3 Concepts on Scaling New Product Adoption

From a product perspective, the moment just before launch is often seen as the finish line. Features are scoped, built, and tested - ready to roll out. But for internal platforms, that’s when the real work begins. Adoption isn’t a given. It has to be earned.

Over the past year and a half, I’ve been deep in the weeds with platform migrations for internal ops teams—sunsetting legacy tools that had been the backbone of how teams worked for years. We weren’t just building a shiny new interface—we were rewriting workflows that entire generations of employees had been trained on. These were systems people optimized their careers around. Adoption in that context? It’s not a training plan. It’s behavior change at scale.

Here’s what’s worked for me—and where I’ve stumbled.

1. Adoption Begins with Empathy, Not Enablement

It’s easy to get excited about what we’ve built. But if you’re asking users to swap out their entire workflow, you’re asking them to give up speed, accuracy, and confidence - at least temporarily. The question I always try to center: What are users really afraid of with this change?
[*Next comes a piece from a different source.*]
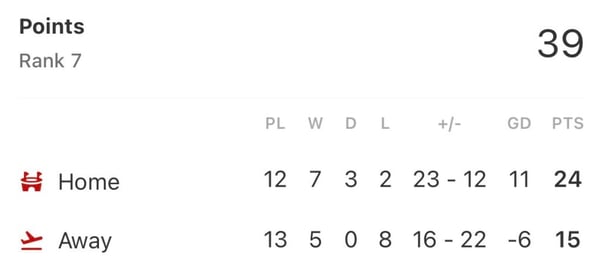 世界杯FIFA体育新闻：布伦特福德主客场积分明细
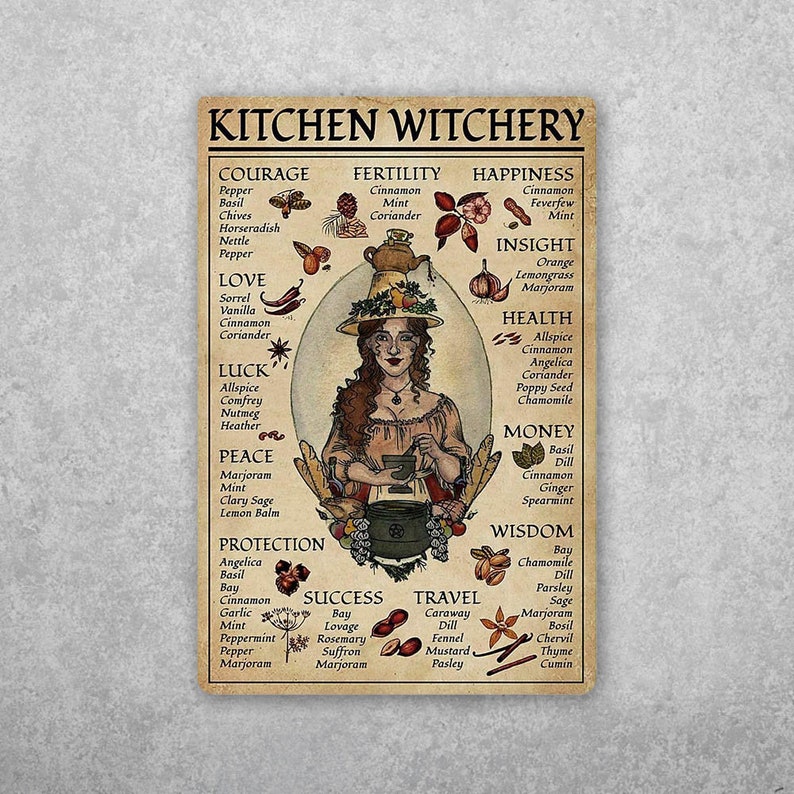 Cast a Spell: Witch's Kitchen Vintage Tin Sign Wall Art - Personalize Wall Art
For ops teams, it’s often about performance. They’re hitting 50 tickets a day on a legacy tool they’ve mastered. Now we’re telling them to slow down and re-learn? That’s a hard sell unless we’re speaking directly to their day-to-day pain points and making it crystal clear how this new tool helps them do their jobs better, not just differently. Put differently: before you can drive adoption, you need to earn trust.

2. Enablement Is Learning Design—So Design for How Adults Learn

One of the most valuable things I carried over from my time in training and L&D is how product rollouts are learning experiences.

Adult learners don’t want abstract concepts. They want relevance and real-world utility. That’s where two learning concepts come in handy:

  • Experience-based learning – Anchor new workflows to things they already know. Lean into side-by-side comparisons or shared language from legacy tools.

  • Problem-centered learning – Frame everything around the user’s core questions: “How does this help me close tickets faster?”, “How do I avoid context switching?”

When enablement is grounded in their world, not yours, the ramp gets shorter and the buy-in gets stronger.

3. Operationalize Testing as an Early Enablement Tool

This one’s always a battle, especially with tight timelines. But user testing is one of the most underrated tools in your adoption toolkit—not for catching bugs, but for building advocates.

The more users you involve early, the more real-world feedback you collect before launch. But maybe more importantly, you’re creating internal champions. These folks become your unofficial trainers, your slack thread responders, your cultural translators.

In one case, we opened up our test group to a broader cohort—just 30% more people. Post-launch, we saw feedback volumes double and issues resolve 25% faster. Why? Because these testers weren’t just flagging issues—they were helping others figure out the new system on day one.

Final Thoughts

At the end of the day, adoption isn’t a check-the-box task at the end of your product roadmap - It’s a core part of the product development lifecycle. Especially for internal tools that ask people to unlearn the familiar.

So whether you’re launching a new platform or just rolling out a new feature, remember: empathy, learning design, and early user buy-in aren’t nice to haves - they’re your fastest path to impact. They make all the difference between a feature that’s used and one that’s abandoned.

These are just a few reflections from my own product journey. What’s worked for you?